ENTRIES PROVIDED:
----
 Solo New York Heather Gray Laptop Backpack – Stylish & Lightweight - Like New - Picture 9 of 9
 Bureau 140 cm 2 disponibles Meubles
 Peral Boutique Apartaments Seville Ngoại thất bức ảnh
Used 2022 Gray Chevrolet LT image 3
----
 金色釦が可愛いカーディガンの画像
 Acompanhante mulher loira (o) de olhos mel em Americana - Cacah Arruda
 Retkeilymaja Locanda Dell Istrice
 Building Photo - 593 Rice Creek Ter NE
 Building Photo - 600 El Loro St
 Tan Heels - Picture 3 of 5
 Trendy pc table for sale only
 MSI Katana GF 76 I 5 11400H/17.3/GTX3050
----
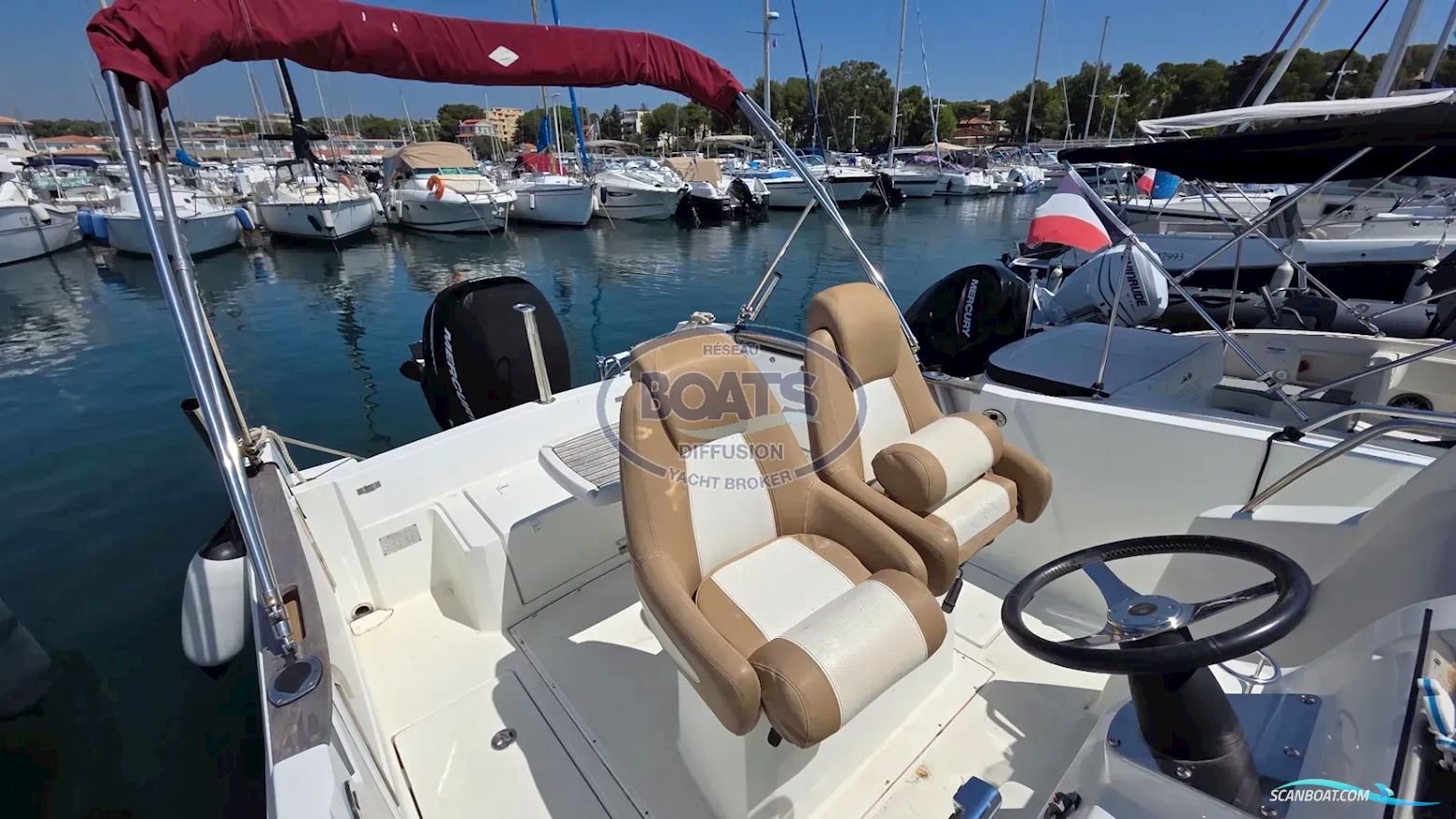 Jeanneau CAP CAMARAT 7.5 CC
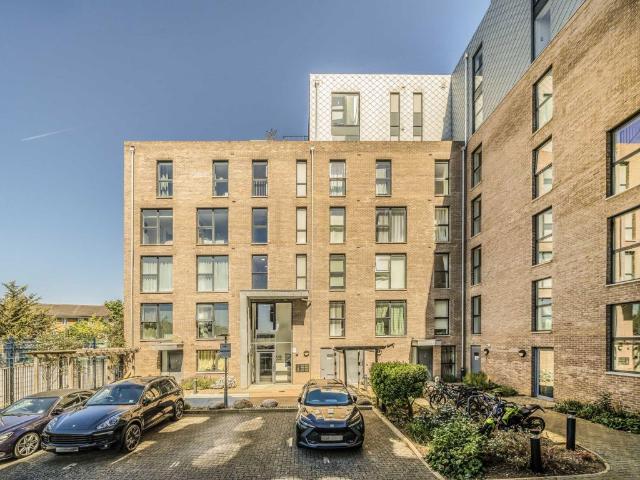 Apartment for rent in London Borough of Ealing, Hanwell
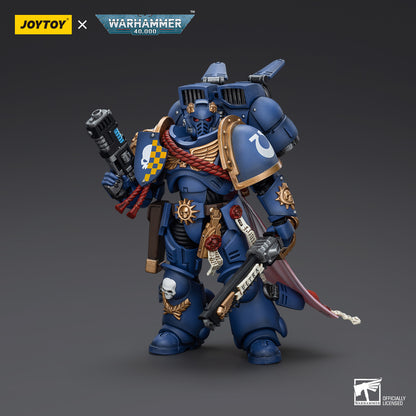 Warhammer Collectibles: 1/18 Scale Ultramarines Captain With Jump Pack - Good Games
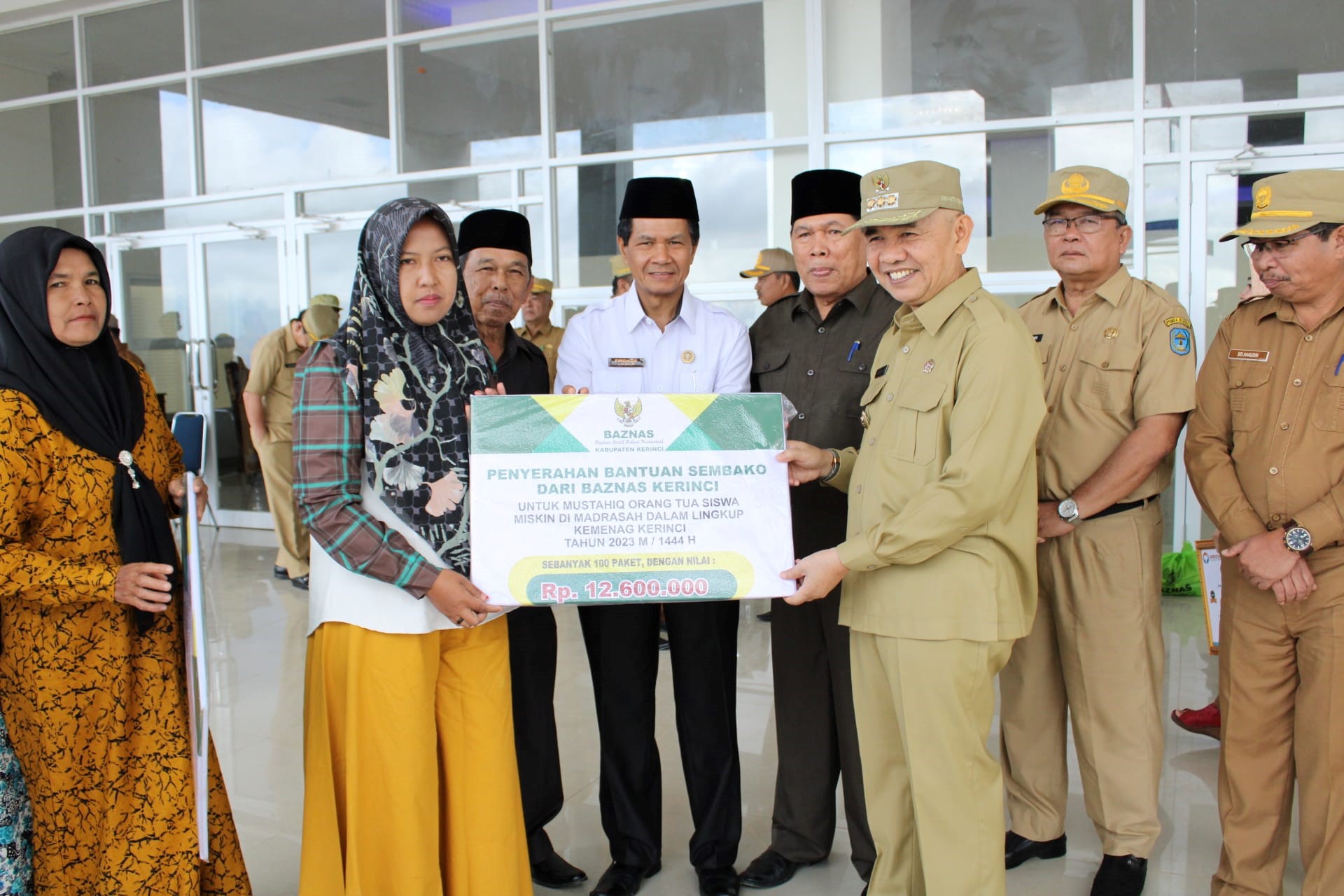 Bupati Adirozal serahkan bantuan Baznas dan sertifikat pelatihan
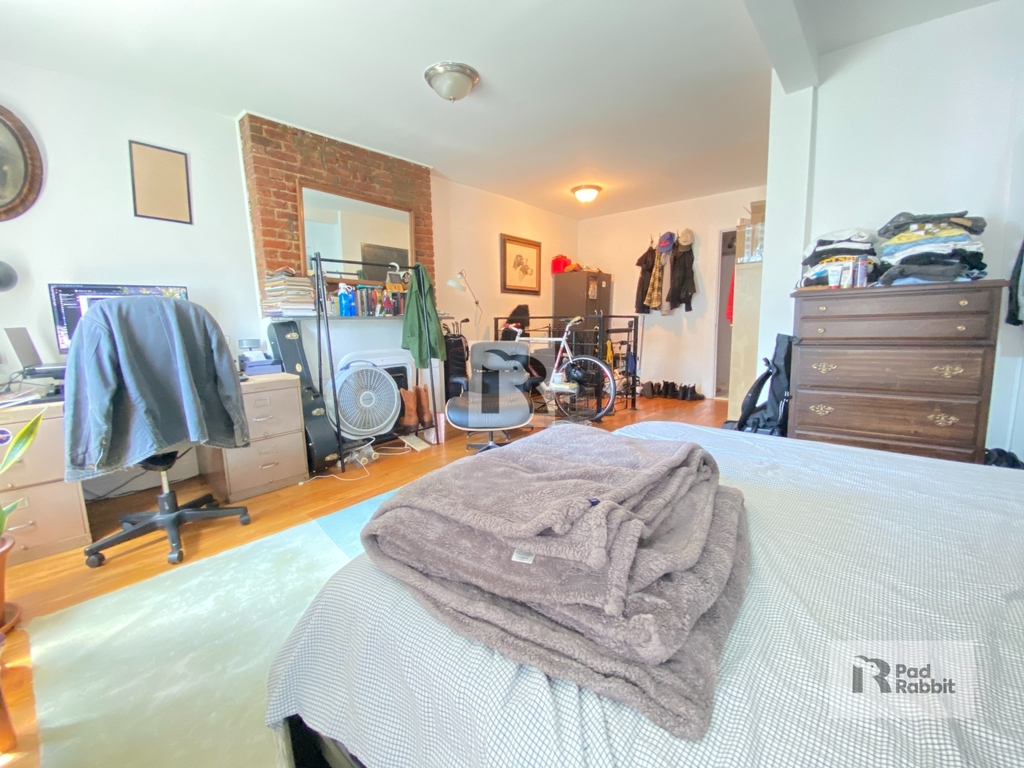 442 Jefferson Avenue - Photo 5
----
The answer is the lines of the material above, from the one containing "Bupati Adirozal serahkan" down to the one containing "442 Jefferson Avenue - Photo 5", given exactly and without images.

FINAL ANSWER:
 Bupati Adirozal serahkan bantuan Baznas dan sertifikat pelatihan
 442 Jefferson Avenue - Photo 5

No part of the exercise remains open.